Thanks everyone for their messages. I wasn't expecting this to get this much attention and as a matter of fact a couple of you guys missed the real question "My question is, even if they take 2 or 3 months to pay me, can I start the german course in the first month that I register with RAV?"

But since many of you created a different discussion...

Clearly there are 2 different mindsets and types of thoughts on this situation.

The "don't leave the job" or "don't milk the system" mentality which shows a more conservative approach.
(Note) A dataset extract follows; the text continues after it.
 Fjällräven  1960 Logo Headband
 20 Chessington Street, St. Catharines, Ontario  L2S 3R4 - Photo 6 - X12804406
And the other mentalitly which is clearly the one I'm trying to go with, which is, if one is not happy with something, he should seek for a better way of life. Is it a risk? Yes it is, but like I mentioned in my topic, I will leave the job sooner or later, it's not my area of interest and not my field of work as well.
Of course it's normal not to like the job or prefer something else, or prefer to be a pop star musician, yea I get it, but I'm still young, I'm in my early 20s and I'm afraid to take wrong decisions, working in a job which is clearly not what I like and it was just a job to save some money doesn't look like the best decision in life.

Are you guys trying to say that if one starts a career in the wrong path they can't change? Once a housekeeper always a housekeeper?
I need german to pursue the career I want.

For the ones that asked, I have B, I'm from an european country and I work in this job for almost 2 years. I'm in my early 20's. I came to switzerland to save some money to invest in my life or pursue further education. I like switzerland as a country, so I decided to stay longer.

I don't want to "milk" RAV actually, that's why I mentioned I don't even mind not getting paid the first 3 months as long as they pay me the german course from the beginning. I think this is what many people didn't understand, I don't want RAV's money, I want their help to improve my german so I can find a better job in my field. I don't want to stay there for 1 year like many people do.
I think 3, 4 or 5 months would be extremely useful for my german.

For the ones that suggest me trying to learn german for free or in my free time, well, trust me I tried. People are different but in my case I can't seem to focus much on learning while I'm working full time. I tried it for years already, back in my country I was studying 2 times per week while working, and I was even in a 1 day per week german course here in switzerland for as long as 1 year. Did it help? yes, but it's definitly not enough and its a slow process. I like to study so I know if I go to an intesive course I will manage to learn way faster.

And like lost_inbroad said, if I do stay in this job for much longer, I will probably be miserable, which I already am, kinda.